Cardano uses validator scripts, also known as smart contracts on other blockchain platforms, to verify whether a new transaction should be accepted. Even though typically written in a high-level programming language like Plutus, the scripts are compiled to and stored on-chain in the form of Plutus Core (PLC).

Bugs in validator scripts can have catastrophic consequences, such as by allowing malicious users to wrongfully claim assets, or by preventing assets from ever being retrieved. Unfortunately, since we are in the early days of Cardano, there is a lack of security solutions. dApp developers have no reliable tools to detect and evaluate vulnerabilities in validator scripts.

For this reason, the Hachi team works in an effort to develop a security toolkit to analyse validator scripts on the Cardano platform. Concretely, our tools work with PLC, which brings the following benefits:

  • It guarantees that our tools will be compatible with different source languages of validators, be they Plutus or any other language that is introduced in the future.
  • We do not need to rely on the availability of validators’ source codes, which are not always made accessible by dApp developers.
  • This choice offers good precision as we work directly with what is deployed to the blockchain. In particular, this approach is resilient to bugs in the compilation pipeline as well as peculiarities in the source language.

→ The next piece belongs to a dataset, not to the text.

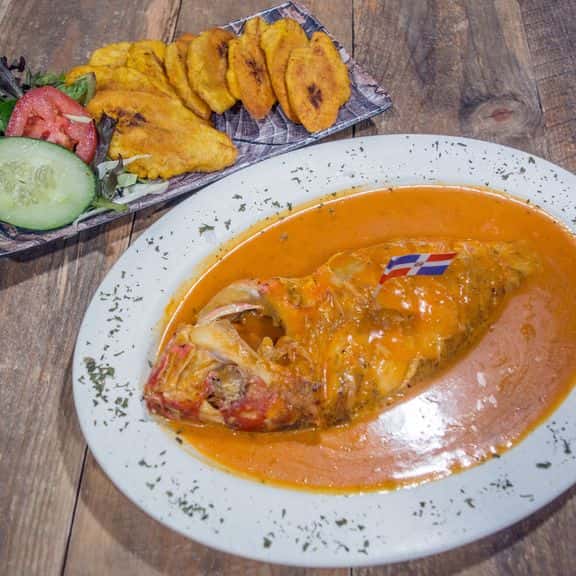 Pargo Entero Salsa de Coco Small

Among several directions, we put our early focus on dynamic analysis techniques and developed new engines for symbolic execution, concolic execution, instrumentation, and hybrid fuzzing of PLC code. This article describes our work and some results of these exciting projects.


To make our development sustainable, we translate PLC programs to Racket with our plc2racket compiler. This allows us to re-use existing tools for Racket and build our tools upon them. As a result, we get instrumentation, symbolic/concrete evaluation, and debugging for (almost) free. Racket’s design as a powerful framework to develop other languages gives us flexibility that few other programming languages provide.

Symbolic Execution

Symbolic execution is a form of semantic analysis, for which program inputs are treated as symbols. Normal programs usually take concrete values like $0b10001$, $42$, or “hello world” as inputs. However, in symbolic execution, the inputs are abstract and are annotated with constraints indicating their domains such as $α,β,γ$ where $α ∈ \left\lbrace{0, 1}\right\rbrace^5$, $β ∈ \mathbb{Z}^+$, $γ ∈ \left\lbrace\text{“hi hachi”}, \text{“goodbye”}\right\rbrace$. A symbolic executor explores multiple execution traces and accumulates the constraints required to reach a particular outcome. For example, let us consider the following Racket program:

(define (f a b)
  (if (> a b)
      (+ b 3)
      (+ a b)))

It defines a function f with two parameters, a and b. When a is greater than b, f returns b + 3; otherwise, it returns a + b. Let us say that we want to find $α, β$ such that $f(α, β)$ returns 6. This is easily doable with symbolic execution:

(define-symbolic α integer?)
(define-symbolic β integer?)

(solve (= (f α β) 6))

The symbolic executor will visit both branches of the if statement inside f. Let $γ$ be the return value of $f$, then we end up with the following constraints where each argument of the disjunction corresponds to one of the two branches:

$$((α > β) ∧ (β + 3 = γ)) ∨ (¬(α > β) ∧ (α + β = γ))$$

Determining which values for $α, β ∈ \mathbb{Z}$ result in $\gamma = 6$ can now be accomplished by solving the above constraints in conjunction with $\gamma = 6$. We can either solve those constraints by hand or, even better, throw them into an SMT solver to extract the concrete values of $α$ and $β$.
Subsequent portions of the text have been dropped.